Regarding the initial embolization, embolization using both an Amplatzer vascular plug and coils has recently been reported to prevent recanalization [11]. However, the Amplatzer vascular plug is not covered by health insurance in our country at present. Hayashi et al. [12] demonstrated that coil embolization of not only the feeding artery, but also the venous sac of PAVM contributed to a higher rate of avoided recanalizations than coil embolization of the feeding artery only. For a follow-up examination, CT may be not enough to identify recanalization of PAVM because of metal artifacts that occur after coil embolization. On the other hand, MR angiography has recently been shown useful after coil embolization [13-15]. Kawai et al. [16] have recently reported on the usefulness of TR-MRA in diagnosing reperfusion of PAVM after coil embolization, compared with CT. That is why that technique was used to detect recanalization in our hospital.

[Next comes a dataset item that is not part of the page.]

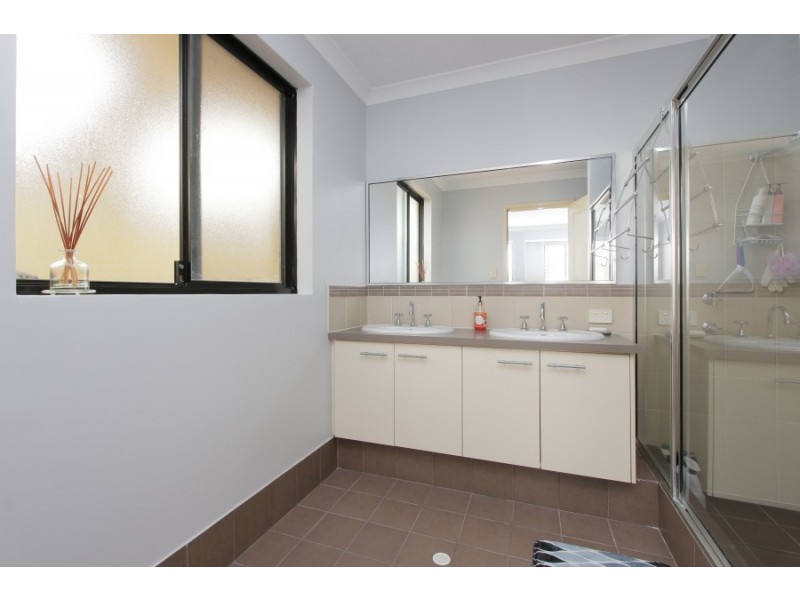 17 Hillsborough Parkway, Ridgewood WA 6030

In re-embolization of recanalization of PAVMs, coils that had already been placed in the initial procedure, make re-embolization difficult [3]. The tip of the catheter should be placed in the distal end of the original coil to obtain enough space for coil embolization. However it is not easy to go through the original coils. Thus, re-embolization may be performed from inside of the original coils, and the microcatheter should be advanced into interstices of the original coils as deeply as possible. When the feeding artery is straight, a conventional microcatheter may be sufficient. However, when the feeding artery is tortuous, it is difficult to advance the microcatheter into the original coil because it is likely to jump to the parent artery. On the other hand, the microcatheter technique has recently been improved further, and the triaxial system has been shown to be a good method for superselective catheterization in transcatheter arterial chemoembolization for hepatocellular carcinoma, embolization of type II endoleaks following endovascular aneurysm repair, and embolization for lower gastrointestinal bleeding [7-10]. With this new system, the 2.7-Fr. microcatheter can have good stability and provide good support to the 1.9-Fr. no-taper microcatheter. Thus, it is easy to advance the 1.9-Fr. no-taper microcatheter into the original coils even though the microguidewire was not inserted deeply (Figure 2). Furthermore, during coil embolization, the 2.7-Fr. microcatheter can prevent the 1.9-Fr. no-taper microcatheter from kickback, and it should be possible to perform coil embolization tightly.

Figure 2

Sketch showing the advantage of the triaxial system. In re-embolization for recanalization of PAVM, the microguidewire cannot be inserted deeply due to the original coils. In such cases, if a conventional system is used, the microcatheter might jump more distally to the ostium of the feeding artery. With the triaxial system, the 2.7-Fr. microcatheter would stabilize and provide good support to the 1.9-Fr. no-taper microcatheter, and it would be easy to insert the 1.9-Fr. no-taper microcatheter into the feeding artery.

In this study, however, we observed a slight blood flow in the re-embolized arteries in all 3 cases during a follow-up of 27–33 months (median, 31). We found repeat re-embolization difficult because there was not enough margin to embolize in the feeding artery. Furthermore, with TR-MRA, the blood flow was lesser than before re-embolization, and the risk of paradoxical embolization appeared to be low. Although complete disappearance of the recanalized blood flow was not obtained, it might not have been possible to decrease the blood flow without using the triaxial system, because it was difficult to place a conventional microcatheter inside the original coils in these cases. Therefore, we believe that the triaxial system is a useful technique in cases in which advancing a conventional microcatheter is difficult and it contributes to decreasing the risk of paradoxical embolization.

Conclusions

In conclusion, we consider the triaxial system to be useful for catheterization, as it may contribute to successful re-embolization for recanalization of PAVM.